_WHAT THE TASK REQUIRES_
The records below must be returned exactly, with every picture left out.

*** PROVIDED MATERIAL ***

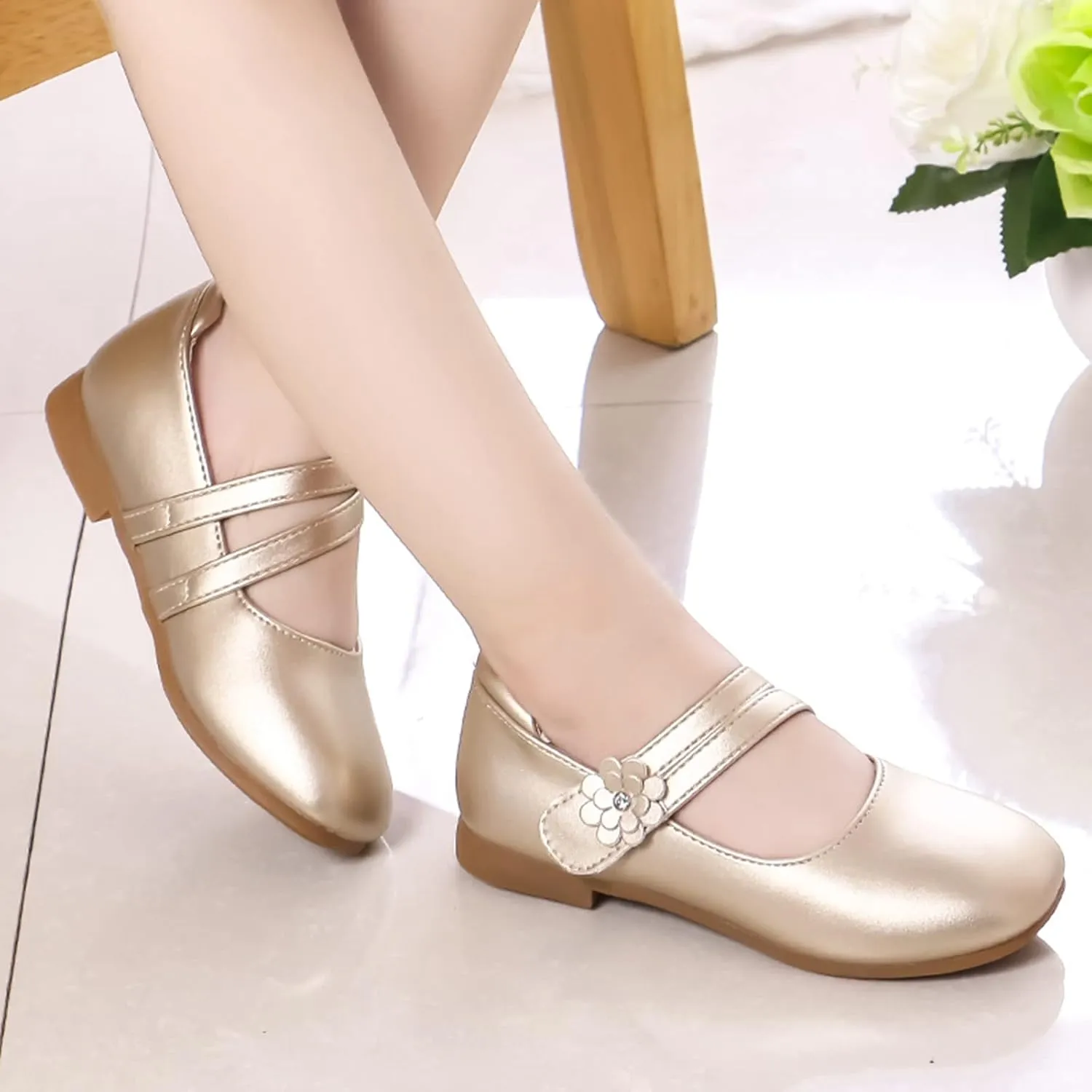 Girls Dress Shoes Flower Girl Little Kids Mary Jane Ballet Flats Flower Wedding Party Toddler Girl Dress Shoes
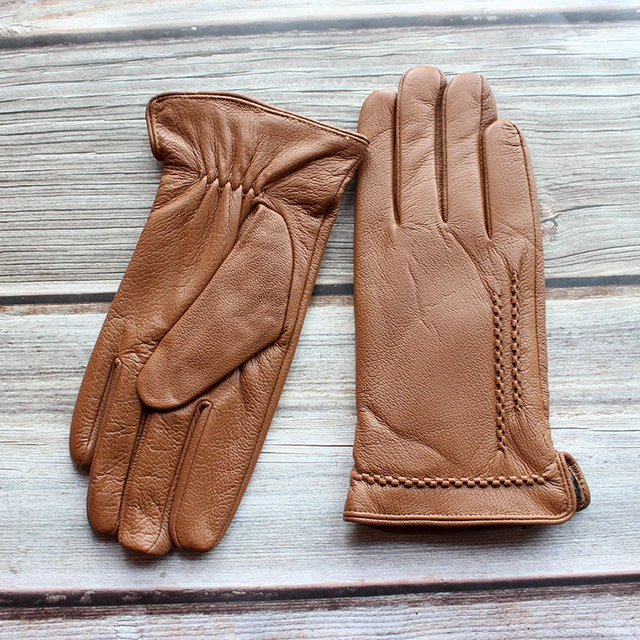 Guantes de piel cosido a mano forrado de conejo para hombre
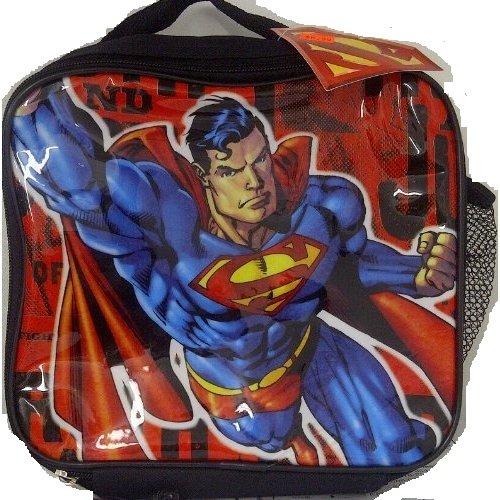  Superman Zippered Lunchbox with Side Waterbottle Holder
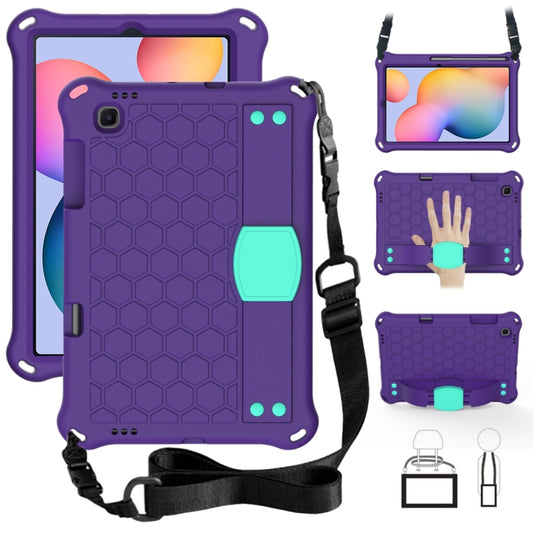 For Samsung Galaxy Tab S6 Lite P610 Honeycomb EVA + PC Shockproof Case with Strap(Purple+Aqua) - Tab S6 Lite P610 / P615 by buy2fix | Online Shopping UK | buy2fix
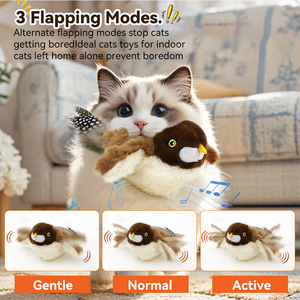 NOUVEAU Jouet en peluche pour animaux de compagnie Flapping Sound Shaking Shaking Bird Electric Cat Toy Pet Self High Simulation Fish Swinging wings Bird - Product Image 5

*** End of PROVIDED MATERIAL ***

_OUTPUT_
 Girls Dress Shoes Flower Girl Little Kids Mary Jane Ballet Flats Flower Wedding Party Toddler Girl Dress Shoes
 Guantes de piel cosido a mano forrado de conejo para hombre
  Superman Zippered Lunchbox with Side Waterbottle Holder
 For Samsung Galaxy Tab S6 Lite P610 Honeycomb EVA + PC Shockproof Case with Strap(Purple+Aqua) - Tab S6 Lite P610 / P615 by buy2fix | Online Shopping UK | buy2fix
 NOUVEAU Jouet en peluche pour animaux de compagnie Flapping Sound Shaking Shaking Bird Electric Cat Toy Pet Self High Simulation Fish Swinging wings Bird - Product Image 5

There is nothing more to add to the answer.